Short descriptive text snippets
────────────────────────────────────────
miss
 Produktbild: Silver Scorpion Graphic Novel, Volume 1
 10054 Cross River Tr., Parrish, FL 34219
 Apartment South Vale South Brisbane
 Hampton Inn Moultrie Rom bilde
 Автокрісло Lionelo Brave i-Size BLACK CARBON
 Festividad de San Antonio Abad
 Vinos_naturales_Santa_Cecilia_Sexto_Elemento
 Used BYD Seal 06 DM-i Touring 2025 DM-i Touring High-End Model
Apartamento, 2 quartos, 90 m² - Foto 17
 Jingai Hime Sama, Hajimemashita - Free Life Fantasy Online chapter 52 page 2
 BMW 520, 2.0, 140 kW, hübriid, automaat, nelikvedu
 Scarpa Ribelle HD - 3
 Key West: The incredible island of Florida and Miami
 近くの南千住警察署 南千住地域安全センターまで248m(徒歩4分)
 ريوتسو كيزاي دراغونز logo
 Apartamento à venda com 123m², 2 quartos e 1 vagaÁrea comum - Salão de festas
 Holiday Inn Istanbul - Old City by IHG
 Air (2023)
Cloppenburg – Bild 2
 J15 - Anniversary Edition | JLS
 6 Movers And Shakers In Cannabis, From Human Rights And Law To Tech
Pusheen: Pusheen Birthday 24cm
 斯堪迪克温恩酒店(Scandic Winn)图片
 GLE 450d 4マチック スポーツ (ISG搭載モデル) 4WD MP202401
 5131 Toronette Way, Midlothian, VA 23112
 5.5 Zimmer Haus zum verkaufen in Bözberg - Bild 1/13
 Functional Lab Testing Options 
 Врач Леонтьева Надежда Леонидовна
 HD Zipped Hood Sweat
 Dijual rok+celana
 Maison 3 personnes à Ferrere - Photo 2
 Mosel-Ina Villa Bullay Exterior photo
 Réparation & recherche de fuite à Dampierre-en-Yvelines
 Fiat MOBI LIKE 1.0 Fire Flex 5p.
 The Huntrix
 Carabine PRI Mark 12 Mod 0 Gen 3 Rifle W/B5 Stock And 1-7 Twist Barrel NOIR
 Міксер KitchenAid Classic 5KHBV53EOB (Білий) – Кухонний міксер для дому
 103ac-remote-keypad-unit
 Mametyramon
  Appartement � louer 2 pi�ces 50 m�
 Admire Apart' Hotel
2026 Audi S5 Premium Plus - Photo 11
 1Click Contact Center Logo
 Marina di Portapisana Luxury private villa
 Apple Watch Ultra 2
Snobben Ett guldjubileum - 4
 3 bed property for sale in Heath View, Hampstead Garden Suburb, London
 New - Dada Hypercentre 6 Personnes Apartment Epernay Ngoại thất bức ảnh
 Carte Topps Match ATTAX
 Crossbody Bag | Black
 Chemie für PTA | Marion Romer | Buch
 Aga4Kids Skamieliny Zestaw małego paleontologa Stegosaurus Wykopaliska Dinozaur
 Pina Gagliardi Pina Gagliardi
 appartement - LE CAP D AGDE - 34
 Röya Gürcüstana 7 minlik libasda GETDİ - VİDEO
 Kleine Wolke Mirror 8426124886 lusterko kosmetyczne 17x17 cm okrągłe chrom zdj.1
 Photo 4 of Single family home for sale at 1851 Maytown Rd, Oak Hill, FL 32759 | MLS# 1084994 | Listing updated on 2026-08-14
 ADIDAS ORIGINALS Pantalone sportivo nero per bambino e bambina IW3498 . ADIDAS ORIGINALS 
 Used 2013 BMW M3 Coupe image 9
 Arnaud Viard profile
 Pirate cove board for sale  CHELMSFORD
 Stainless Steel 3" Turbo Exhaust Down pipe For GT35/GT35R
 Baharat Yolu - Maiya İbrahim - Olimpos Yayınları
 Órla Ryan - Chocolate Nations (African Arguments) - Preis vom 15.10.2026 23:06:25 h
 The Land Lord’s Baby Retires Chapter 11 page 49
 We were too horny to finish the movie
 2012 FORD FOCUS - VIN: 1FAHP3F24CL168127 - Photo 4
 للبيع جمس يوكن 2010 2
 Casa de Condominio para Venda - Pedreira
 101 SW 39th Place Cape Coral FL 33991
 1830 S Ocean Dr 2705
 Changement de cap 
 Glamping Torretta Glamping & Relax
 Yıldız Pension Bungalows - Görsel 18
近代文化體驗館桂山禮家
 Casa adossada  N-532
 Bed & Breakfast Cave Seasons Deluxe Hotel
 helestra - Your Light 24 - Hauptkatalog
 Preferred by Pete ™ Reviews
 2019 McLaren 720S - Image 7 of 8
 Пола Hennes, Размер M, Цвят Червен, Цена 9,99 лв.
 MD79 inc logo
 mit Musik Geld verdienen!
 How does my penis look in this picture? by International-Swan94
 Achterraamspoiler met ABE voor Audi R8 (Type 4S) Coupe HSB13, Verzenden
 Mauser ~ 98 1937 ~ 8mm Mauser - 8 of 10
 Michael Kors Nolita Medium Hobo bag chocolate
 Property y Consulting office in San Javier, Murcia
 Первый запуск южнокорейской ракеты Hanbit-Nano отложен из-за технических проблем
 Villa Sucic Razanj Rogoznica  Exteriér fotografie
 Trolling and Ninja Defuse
────────────────────────────────────────
Starting with the line above that holds "Apple Watch Ultra 2" and stopping with the line that holds "2019 McLaren 720S - Image 7 of 8", reproduce each line exactly, omitting all other lines.

 Apple Watch Ultra 2
Snobben Ett guldjubileum - 4
 3 bed property for sale in Heath View, Hampstead Garden Suburb, London
 New - Dada Hypercentre 6 Personnes Apartment Epernay Ngoại thất bức ảnh
 Carte Topps Match ATTAX
 Crossbody Bag | Black
 Chemie für PTA | Marion Romer | Buch
 Aga4Kids Skamieliny Zestaw małego paleontologa Stegosaurus Wykopaliska Dinozaur
 Pina Gagliardi Pina Gagliardi
 appartement - LE CAP D AGDE - 34
 Röya Gürcüstana 7 minlik libasda GETDİ - VİDEO
 Kleine Wolke Mirror 8426124886 lusterko kosmetyczne 17x17 cm okrągłe chrom zdj.1
 Photo 4 of Single family home for sale at 1851 Maytown Rd, Oak Hill, FL 32759 | MLS# 1084994 | Listing updated on 2026-08-14
 ADIDAS ORIGINALS Pantalone sportivo nero per bambino e bambina IW3498 . ADIDAS ORIGINALS 
 Used 2013 BMW M3 Coupe image 9
 Arnaud Viard profile
 Pirate cove board for sale  CHELMSFORD
 Stainless Steel 3" Turbo Exhaust Down pipe For GT35/GT35R
 Baharat Yolu - Maiya İbrahim - Olimpos Yayınları
 Órla Ryan - Chocolate Nations (African Arguments) - Preis vom 15.10.2026 23:06:25 h
 The Land Lord’s Baby Retires Chapter 11 page 49
 We were too horny to finish the movie
 2012 FORD FOCUS - VIN: 1FAHP3F24CL168127 - Photo 4
 للبيع جمس يوكن 2010 2
 Casa de Condominio para Venda - Pedreira
 101 SW 39th Place Cape Coral FL 33991
 1830 S Ocean Dr 2705
 Changement de cap 
 Glamping Torretta Glamping & Relax
 Yıldız Pension Bungalows - Görsel 18
近代文化體驗館桂山禮家
 Casa adossada  N-532
 Bed & Breakfast Cave Seasons Deluxe Hotel
 helestra - Your Light 24 - Hauptkatalog
 Preferred by Pete ™ Reviews
 2019 McLaren 720S - Image 7 of 8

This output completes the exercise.